New Zealand politician (1945–2019)

Rewiti Pomare Kingi "Pita" Paraone (30 November 1945 – 26 August 2019) was a New Zealand politician and chairman of the Waitangi National Trust Board. He was a member of the New Zealand First party.

==Early life and family==
Paraone was born at Kawakawa on 30 November 1945, the son of Kathleen and Tamati Paraone. He received his education at Motatau District High School and Bay of Islands College. He earned a Diploma in Business Development at the University of Auckland, and a Diploma in Social Work at Victoria University of Wellington. He also attended the Henley Management College in Henley-on-Thames, England.

In 1966, Paraone married Elva Joyce Moore, and the couple went on to have three children.
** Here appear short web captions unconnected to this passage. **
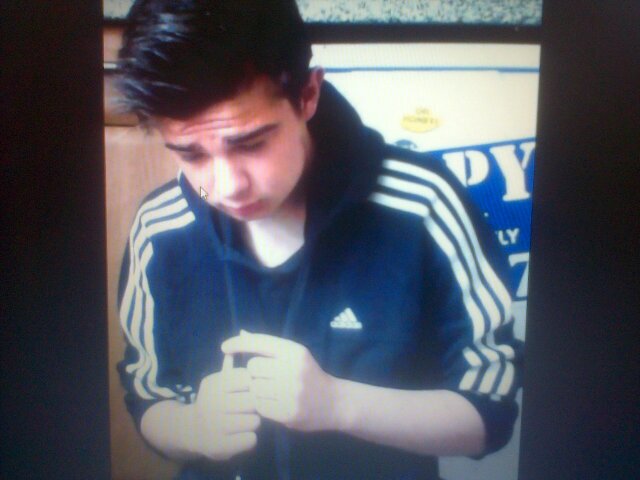 I am 16 years old single love football, chatting and socializing with freinds and other people + I want a dream girl to walk into my life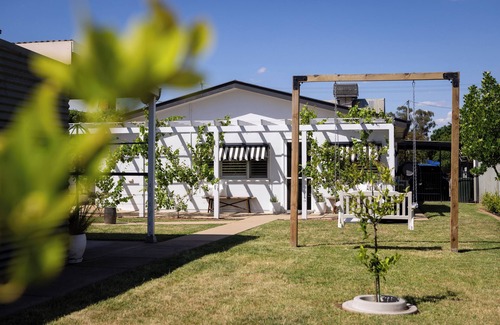 Coolamon Cottage | Inviting Four Bedroom Home in Coolamon with Breakfast Included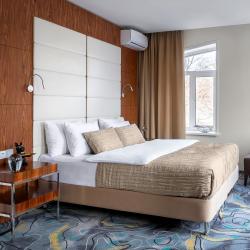 1-комнатные апартаменты студия для 3 гостей в V Hotel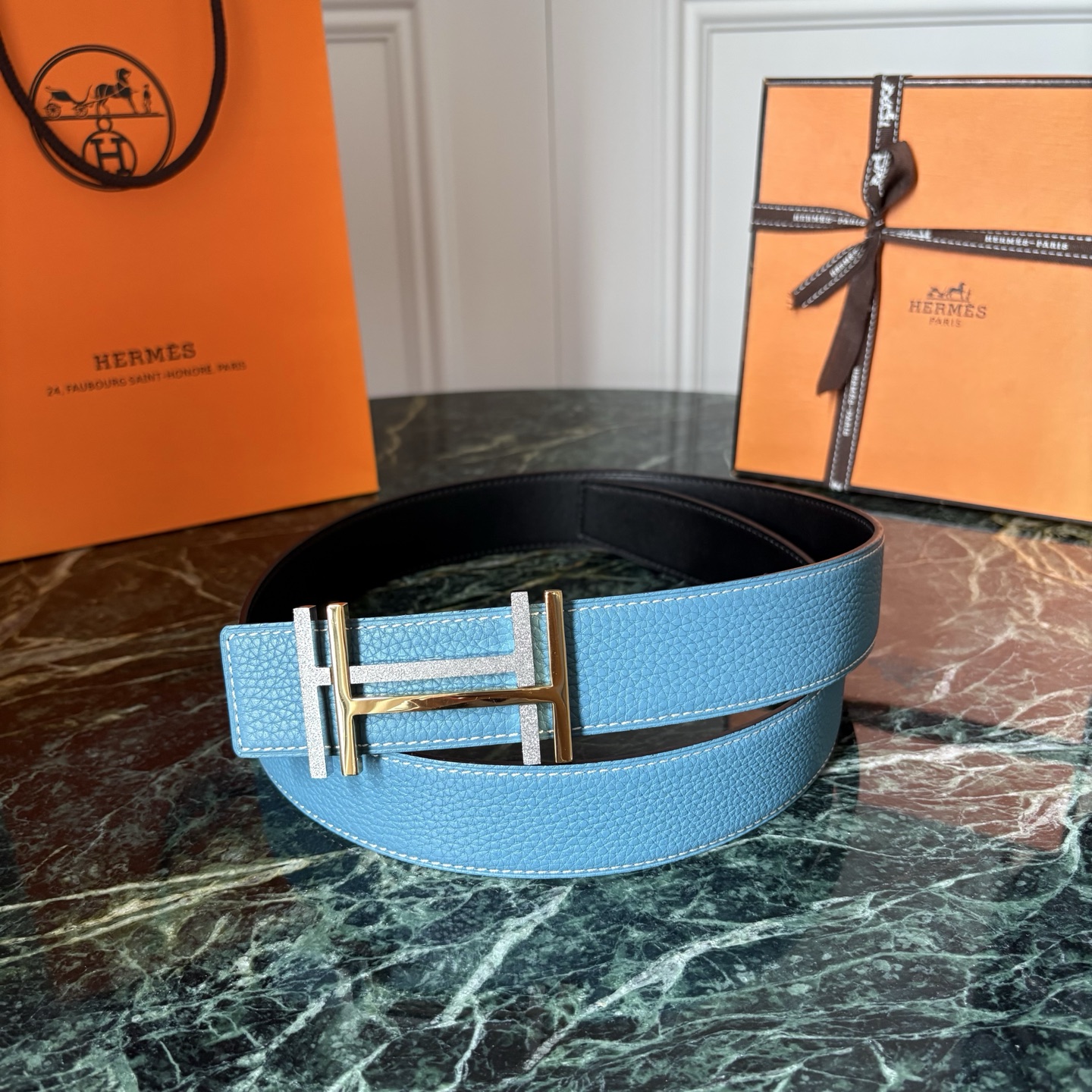 【爱马仕】Hermes 原单爱马仕，宽3.8cm进口原版皮带身，双面可两面用，精品电镀五金 ！
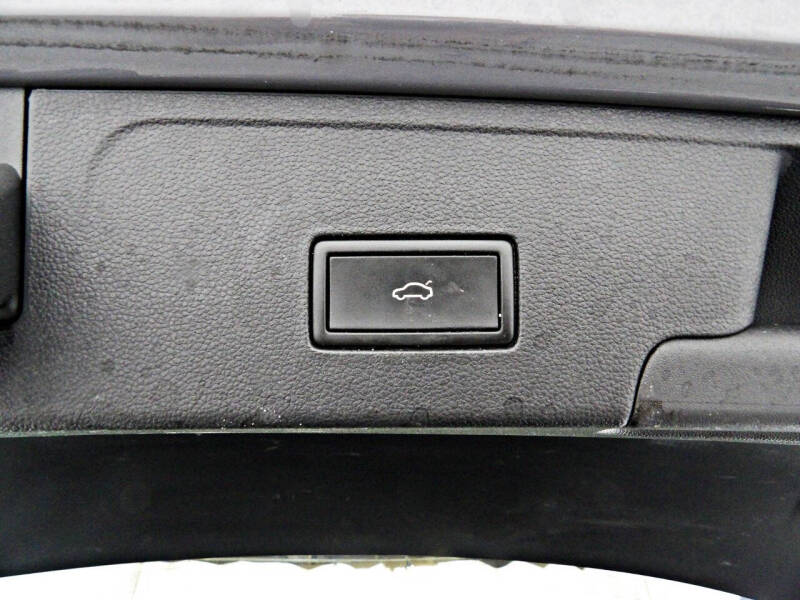 2022 Volkswagen Atlas Cross Sport SE 4Motion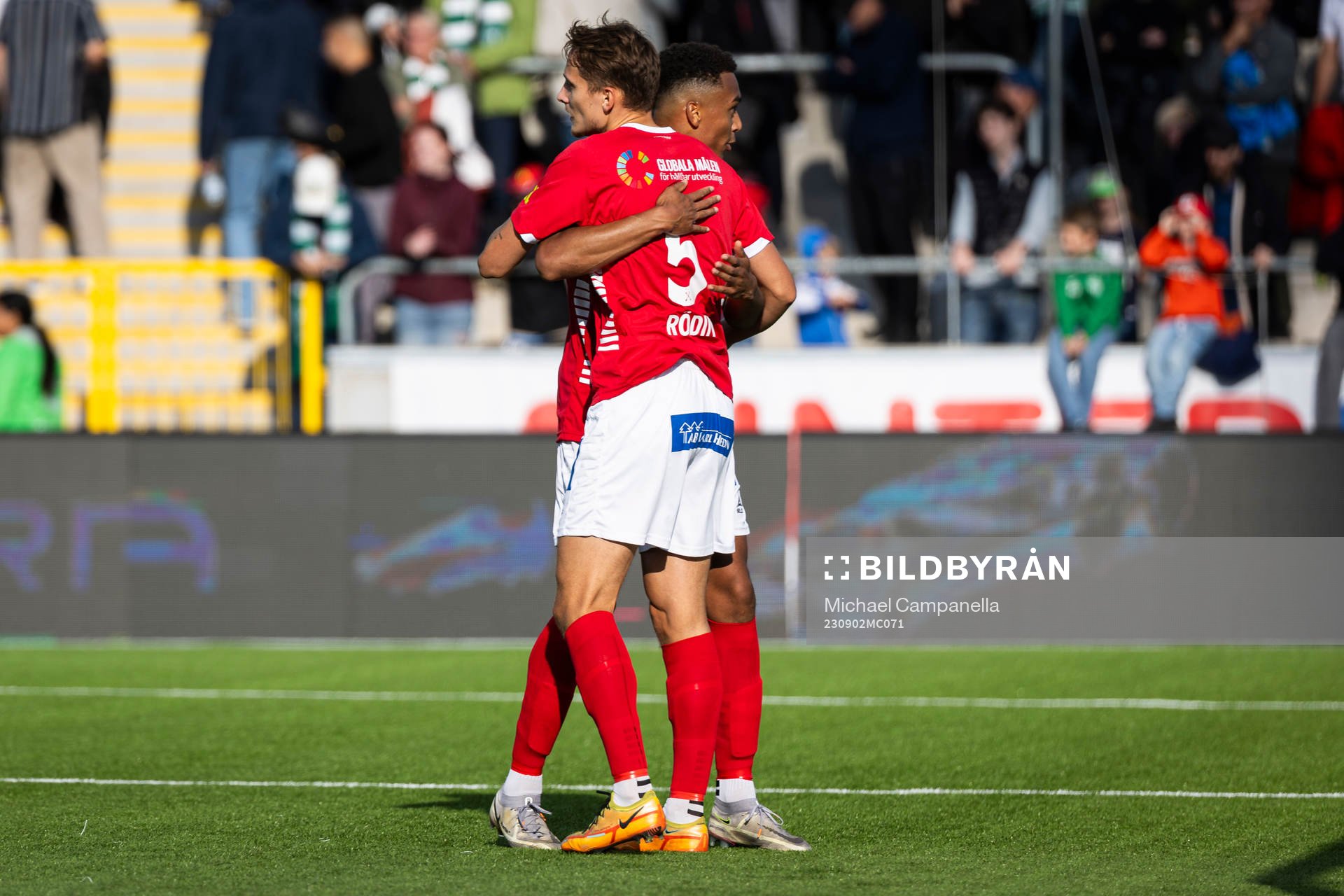 Brages Eirik Asante Gayi och Pontus Rödin efter fotbollsmatchen i Superettan mellan Västerås SK och Brage den 2 september 2023 i Västerås.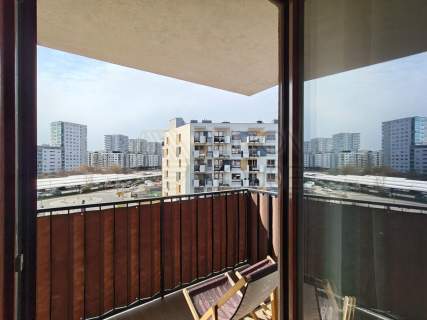 Sprzedam 2 pok. z dużym balkonem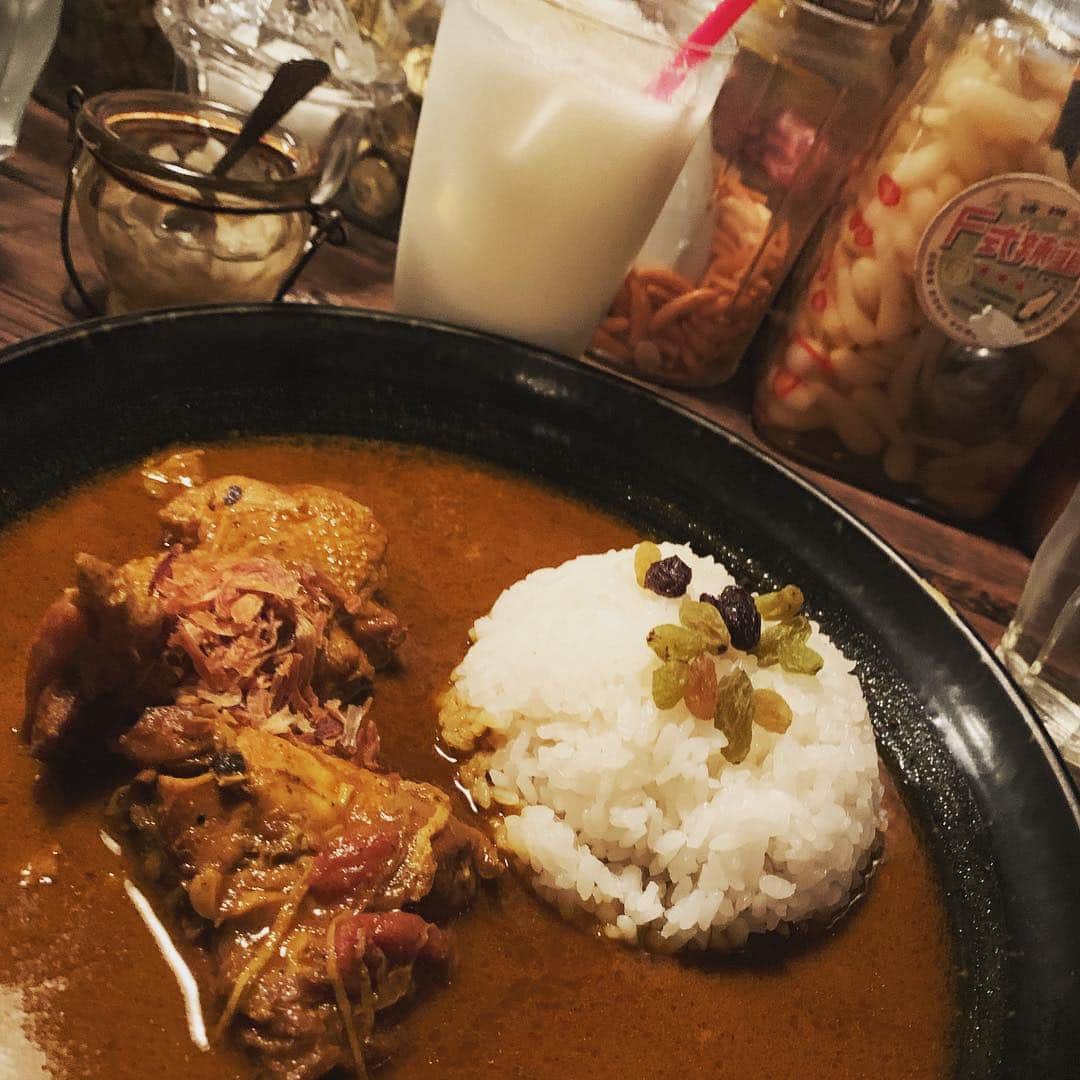 宍戸留美さんのインスタグラム写真 - (宍戸留美Instagram)「#ほんやら洞 #カレー #ラッシー #味変 #チキンカレー #中山ラビ #国分寺」3月19日 21時56分 - rumishishido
Before entering politics, Paraone had a long career in public service spanning several decades. He was a regional director for Te Puni Kōkiri, the Ministry of Maori Development. In 1990, he was awarded the New Zealand 1990 Commemoration Medal, and in the 1997 New Year Honours, he was appointed a Member of the New Zealand Order of Merit, for services to Māori and the community. He lived in Pakuranga during his first period in parliament.

==Political career==

Before entering parliament, Paraone was a board member of New Zealand First (1999–2000) and a member of the Board of Directors (2000–2002).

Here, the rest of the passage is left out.